## YOUR INSTRUCTIONS
Repeat every record below exactly, leaving out the pictures.

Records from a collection
------------------------------

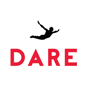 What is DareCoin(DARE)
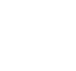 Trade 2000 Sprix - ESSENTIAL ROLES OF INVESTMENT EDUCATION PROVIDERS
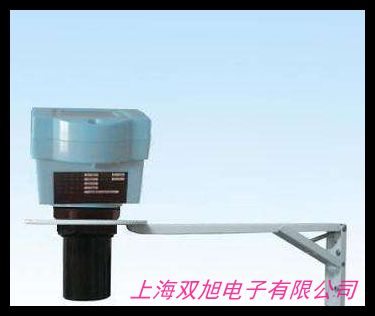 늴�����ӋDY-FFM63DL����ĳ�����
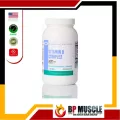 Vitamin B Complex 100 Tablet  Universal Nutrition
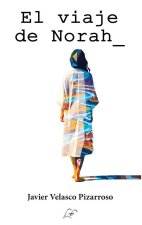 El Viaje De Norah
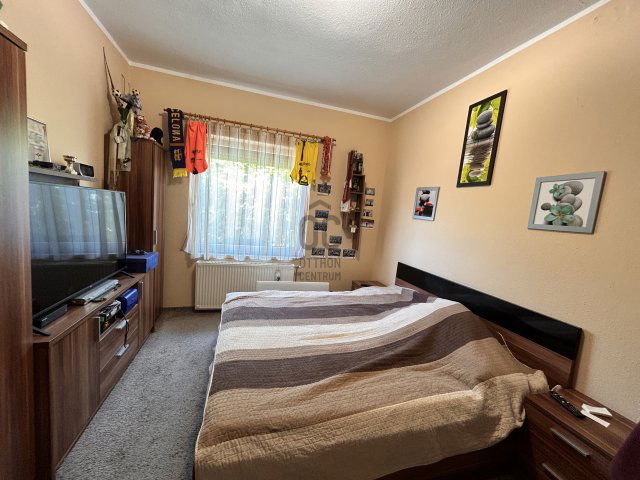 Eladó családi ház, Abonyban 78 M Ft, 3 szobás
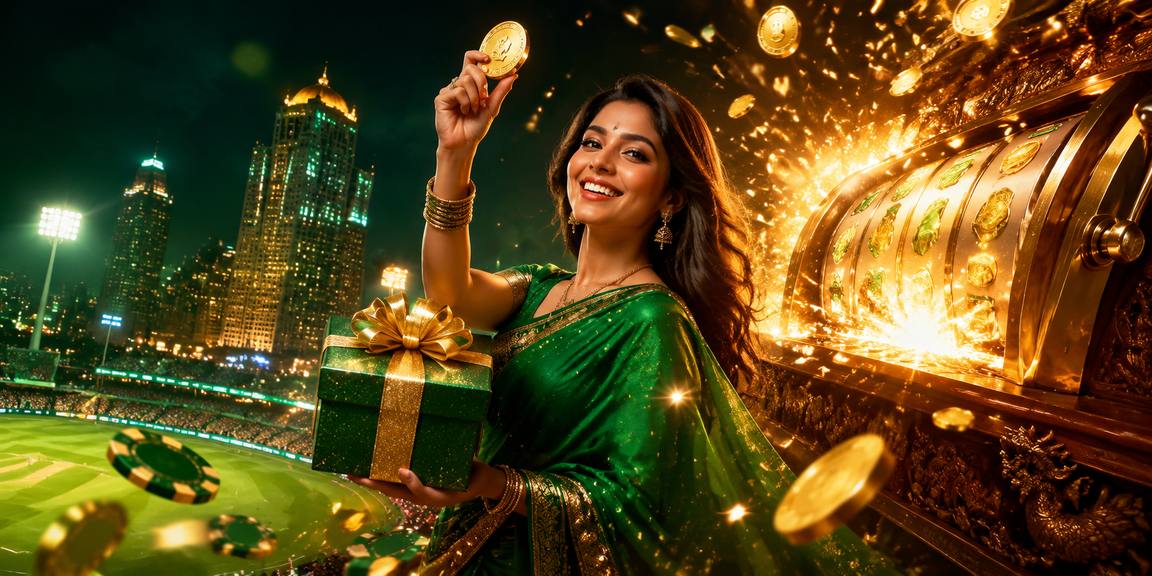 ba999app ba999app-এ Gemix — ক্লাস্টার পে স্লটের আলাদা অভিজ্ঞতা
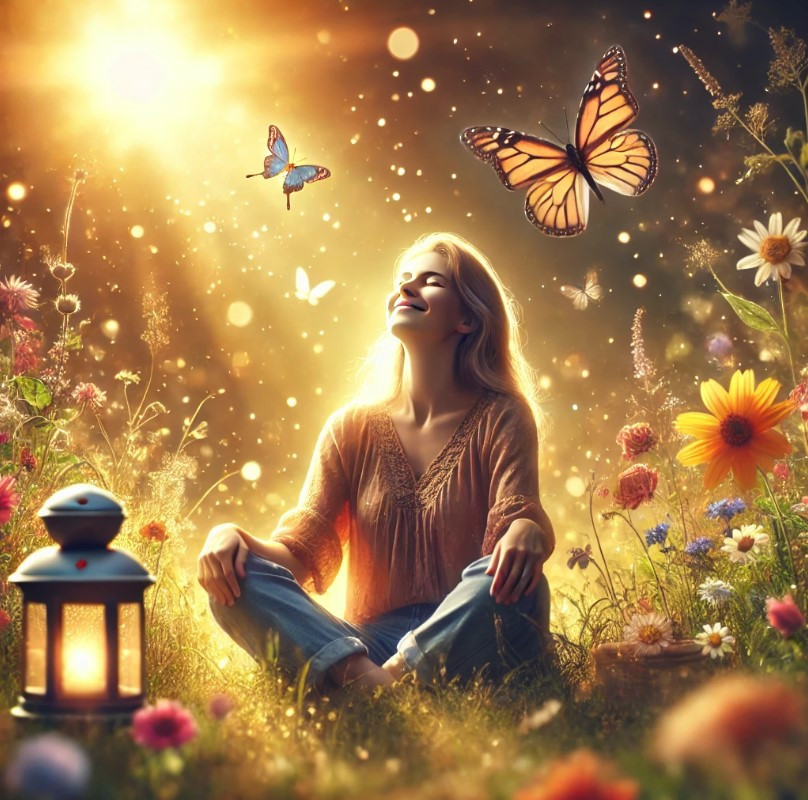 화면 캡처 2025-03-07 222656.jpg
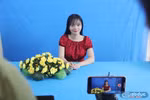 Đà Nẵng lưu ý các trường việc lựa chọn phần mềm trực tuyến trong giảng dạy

------------------------------

## ANSWER
 What is DareCoin(DARE)
 Trade 2000 Sprix - ESSENTIAL ROLES OF INVESTMENT EDUCATION PROVIDERS
 늴�����ӋDY-FFM63DL����ĳ�����
 Vitamin B Complex 100 Tablet  Universal Nutrition
 El Viaje De Norah
 Eladó családi ház, Abonyban 78 M Ft, 3 szobás
 ba999app ba999app-এ Gemix — ক্লাস্টার পে স্লটের আলাদা অভিজ্ঞতা
 화면 캡처 2025-03-07 222656.jpg
 Đà Nẵng lưu ý các trường việc lựa chọn phần mềm trực tuyến trong giảng dạy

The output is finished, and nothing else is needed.